Let’s face it; as a species we homo sapiens are not great at strategy. We evolved to face immediate threats like covid not longer-term ones like climate change. Neil Young asked us to: “look at Mother Nature on the run in the 1970s” but we ignored him. We’ve known about demographic change for decades but the crisis in health and social care still took us by surprise. We much prefer instant to deferred gratification.
Of course, where there is exceptional leadership, endless resources and limitless talent we can achieve miracles. When JFK set the target in 1963 to put a man (inevitably not a woman in that era) on the Moon by the end of the 1960s he said: “we choose to do it not because it is easy but because it is hard”. In 1969 Neil Armstrong stepped on to the lunar surface. If you can deliver a strategy you get a real competitive advantage since so few succeed.
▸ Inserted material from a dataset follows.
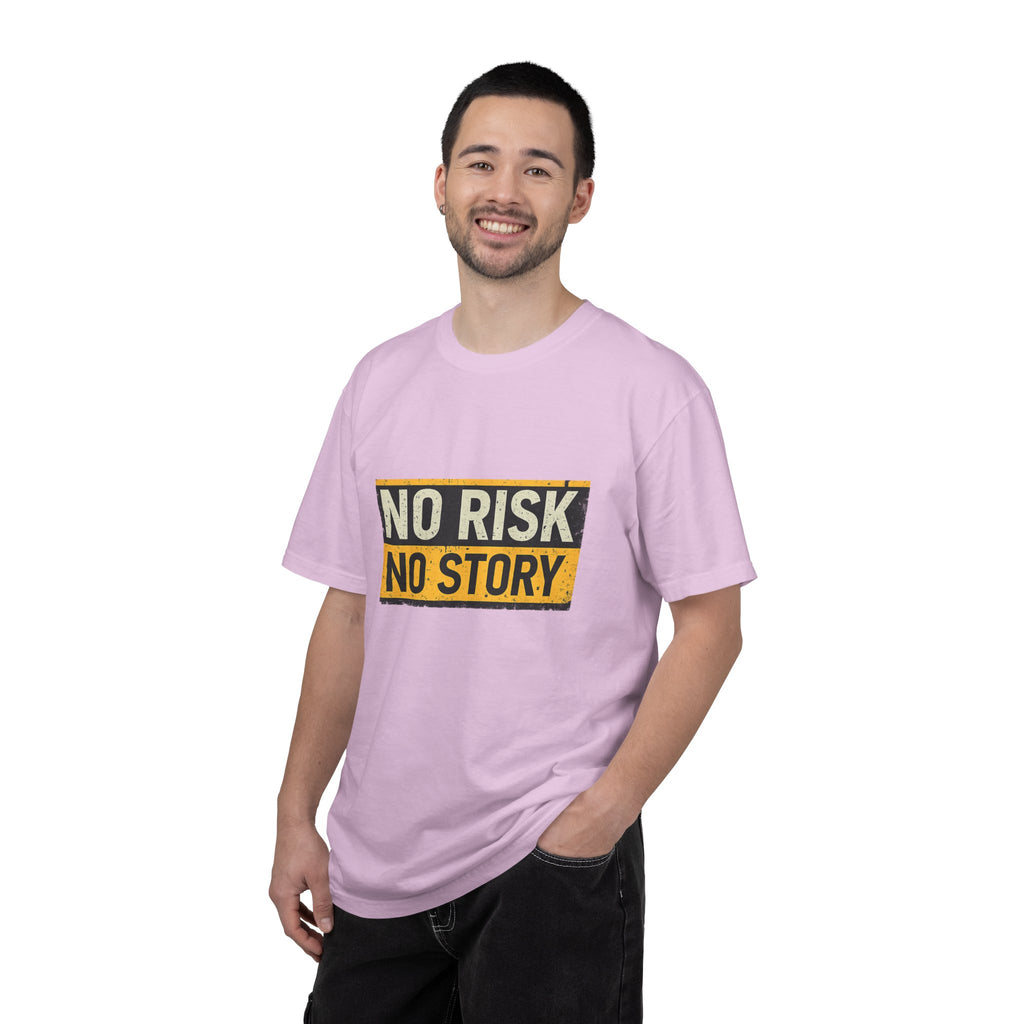 No Risk No Story T-Shirt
Sadly JFK never saw it since Lee Harvey Oswald had other plans for him.
When I was interviewed for the post of Registrar at Nottingham University in 1991 I was asked to give a presentation on a plan for the University for the next ten years. I didn’t have much of a clue so I asked the panel to imagine it was 1981 and my environmental scan predicted that Nelson Mandela would be President of South Africa, the Berlin Wall had fallen and the Soviet Union had disintegrated. It got me the job because the panel realised, like Mike Tyson, that everyone has a plan until they get punched on the nose.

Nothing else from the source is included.